Richardson v. White

Decision Date23 October 1896
Citation44 N.E. 1072,167 Mass. 58
PartiesRICHARDSON v. WHITE et al.
CourtUnited States State Supreme Judicial Court of Massachusetts Supreme Court

This was a bill in equity, brought by William H Richardson against Luther White, as administrator of the estate of Edson Clark, to restrain the defendant from collecting the proceeds of a life insurance policy issued on the life of said Clark by the New York Life Insurance Company. The insurance company filed an answer offering to pay the proceeds to whomsoever the court might say the policy belonged.
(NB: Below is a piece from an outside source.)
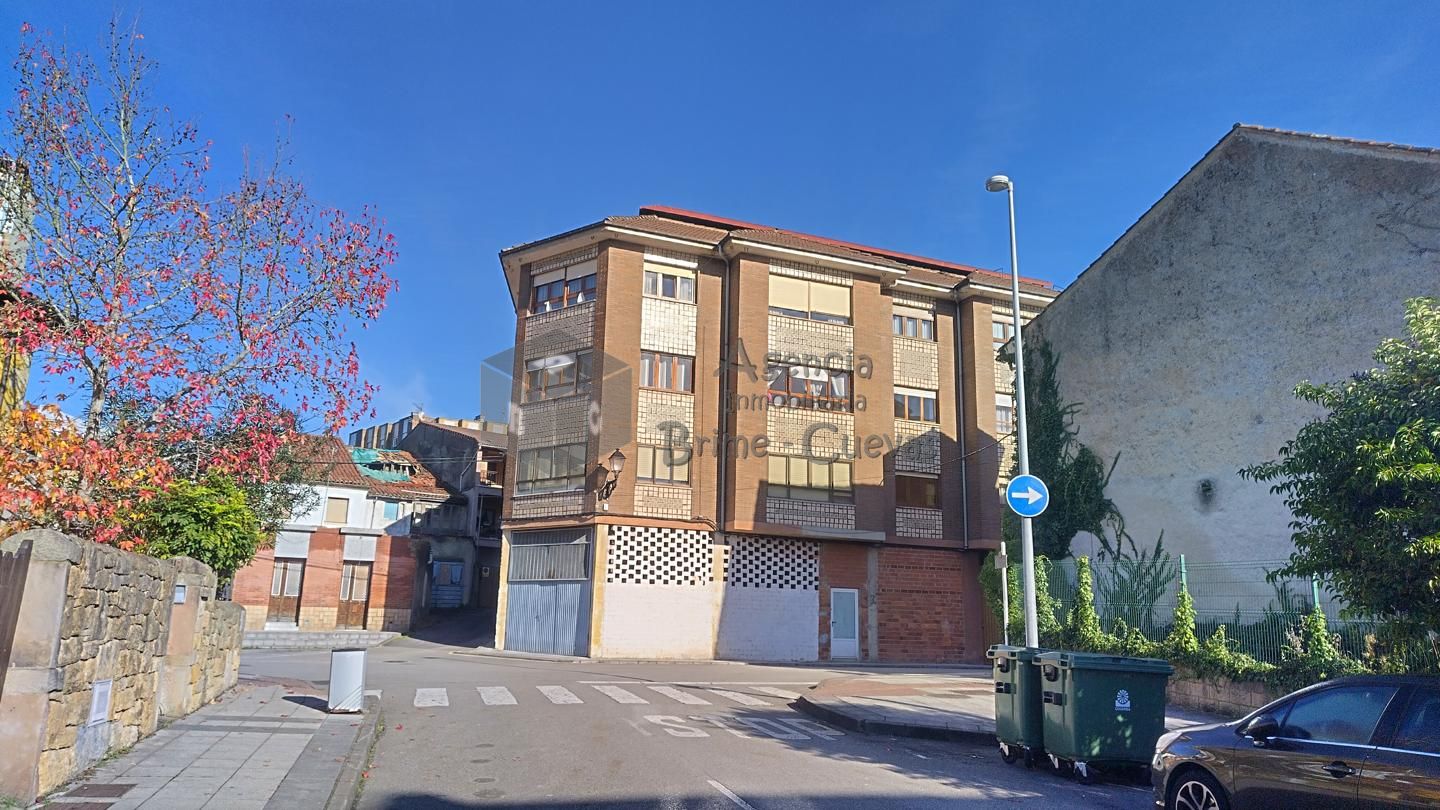 Piso en Calle Sorribas 4, Noreña, Asturias de 77 m2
The policy in question was taken out by said Clark in accordance with an agreement between him and Richardson to secure Richardson for money which he had advanced to Clark. The policy contained a clause providing: "Any assignment of this policy must be made in duplicate, and both copies must be sent to the home office for acknowledgment one of them to be retained by the company. Under no circumstance will the company assume any responsibility for the validity of the assignment." Upon the face of the policy Clark wrote: "Payable, in case of death, to Wm. H. Richardson as his interest may appear." This indorsement was not dated, nor was any notice thereof sent to the company. On several occasions Clark exhibited the policy to Richardson, and told him that it was fixed as he desired; but the policy was never delivered to Richardson, and did not come into his possession until after Clark's death.

COUNSEL

Luther White, pro se.

Gillett & McClench, for appellee.

OPINION

HOLMES J.

The plaintiff advanced money to the defendant's intestate Edson Clark, on the strength of the latter's promising to take out, and taking out, this policy as security for the advances. Clark wrote into the policy on its face, "Payable in case of death to Wm. H. Richardson, as his interest may appear," and several times exhibited the policy to the plaintiff. These facts are sufficient to give the plaintiff the security which he understood that he got. Bank v. Benson, 24 Pick. 204, 210; Stearns v. Insurance Co., 124 Mass. 61, 62. It turns out that the plaintiff's claim will exhaust the policy. But if this were otherwise there is no longer any doubt that an assignment of part of a fund is good in equity, as between the assignee and assignor; that the insistence on the necessity of a delivery of the document of title in Palmer v. Merrill, 6 Cush. 282, 286, is a mistake, so far as equity is concerned, if the...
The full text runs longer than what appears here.